— Collected data entries —
______________________________

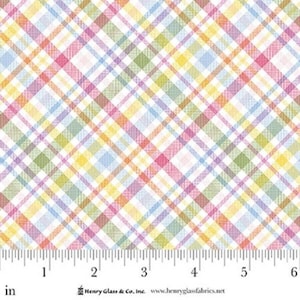 May include: A fabric with a plaid pattern in pastel colors. The design features intersecting lines in pink, yellow, blue, green, and orange hues, creating a checkered effect. The fabric is measured in inches.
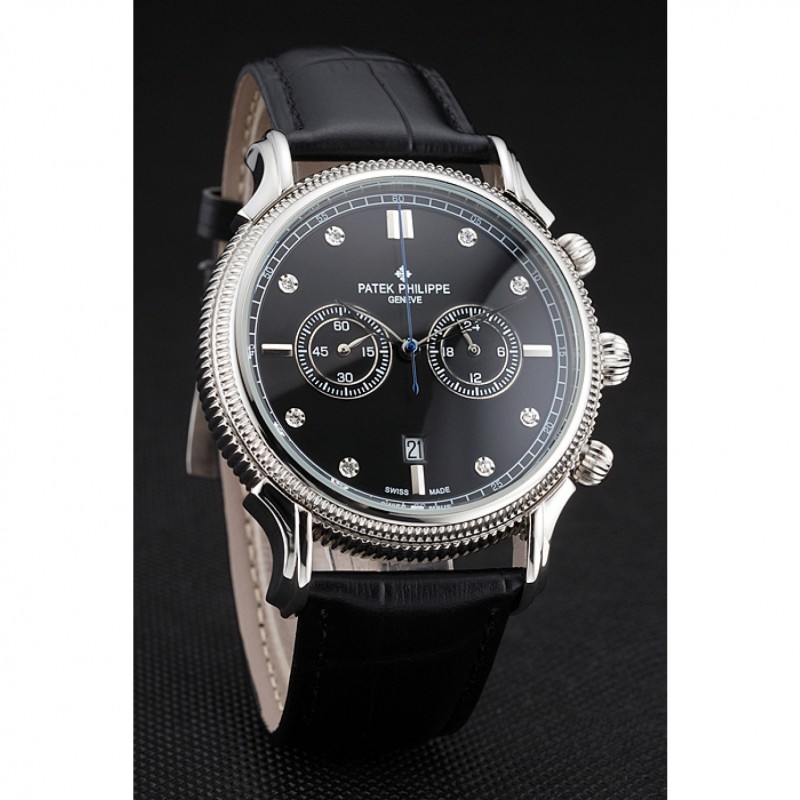 Patek Philippe Chronograph Black Dial With Diamonds Stainless Steel Case Black Leather Strap-2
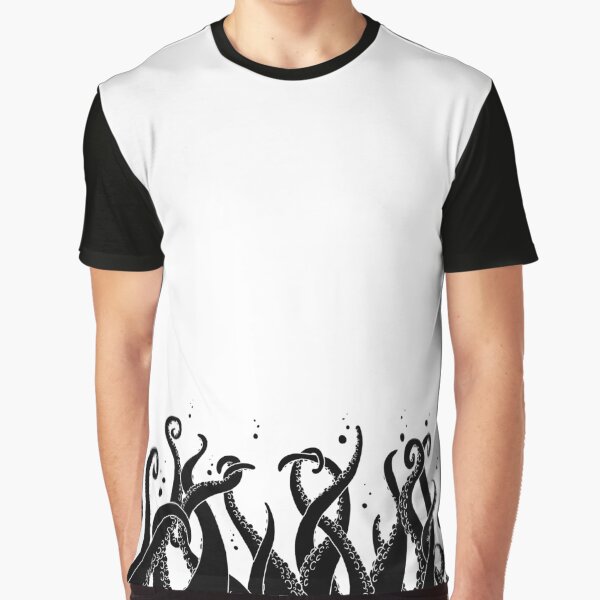 Deep Tentacle Action (Black) Graphic T-Shirt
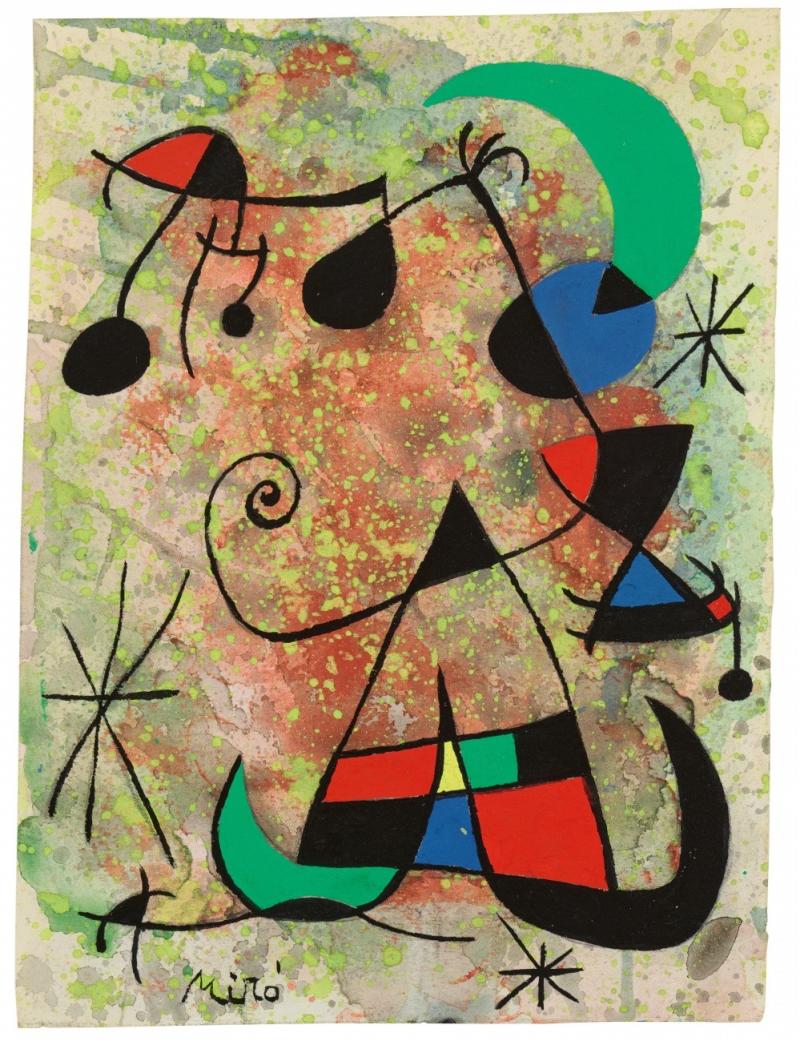 Nr. 390 367 Joan Miró Femme et oiseaux dans la nuit. 1967 Tusche, Gouache und Aquarell über Bleistift auf Papier, 20,3 x 15,1 cm Prov.: Slg. Will Grohmann Ergebnis: EUR 161.000,-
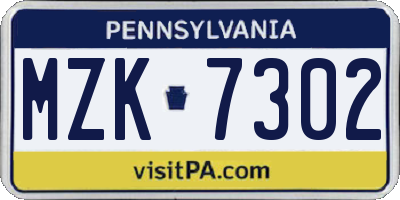 PA license plate MZK7302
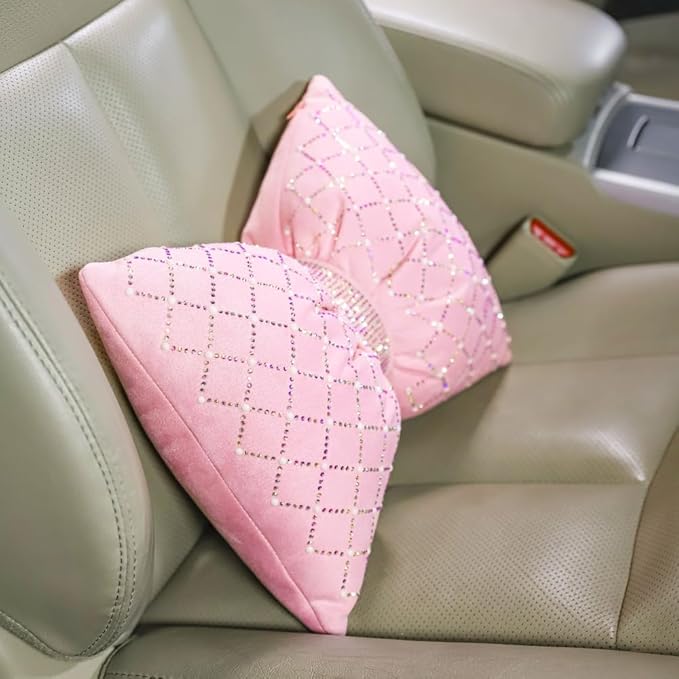 Pink Bow Lumbar Support Pillow for Car Accessory Women Girl Couch Cushion Decorative Back Pillow Bling Rhinestone Pearls 1 Pack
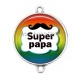 Connecteur Cabochon Argent - super papa
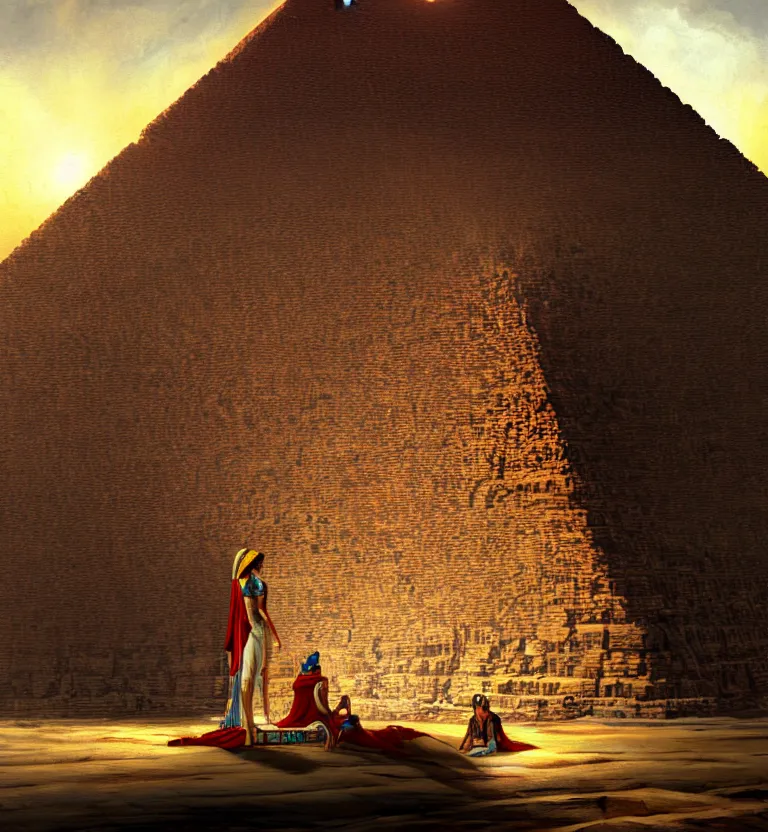 Image similar to a concept painting showing a giant cleopatra on the side of the great pyramid of giza. good quality, good light, anatomically correct, digital art, artstation 8 k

______________________________

Would you print all of the entries exactly, omitting any image?

 May include: A fabric with a plaid pattern in pastel colors. The design features intersecting lines in pink, yellow, blue, green, and orange hues, creating a checkered effect. The fabric is measured in inches.
 Patek Philippe Chronograph Black Dial With Diamonds Stainless Steel Case Black Leather Strap-2
 Deep Tentacle Action (Black) Graphic T-Shirt
 Nr. 390 367 Joan Miró Femme et oiseaux dans la nuit. 1967 Tusche, Gouache und Aquarell über Bleistift auf Papier, 20,3 x 15,1 cm Prov.: Slg. Will Grohmann Ergebnis: EUR 161.000,-
 PA license plate MZK7302
 Pink Bow Lumbar Support Pillow for Car Accessory Women Girl Couch Cushion Decorative Back Pillow Bling Rhinestone Pearls 1 Pack
 Connecteur Cabochon Argent - super papa
 Image similar to a concept painting showing a giant cleopatra on the side of the great pyramid of giza. good quality, good light, anatomically correct, digital art, artstation 8 k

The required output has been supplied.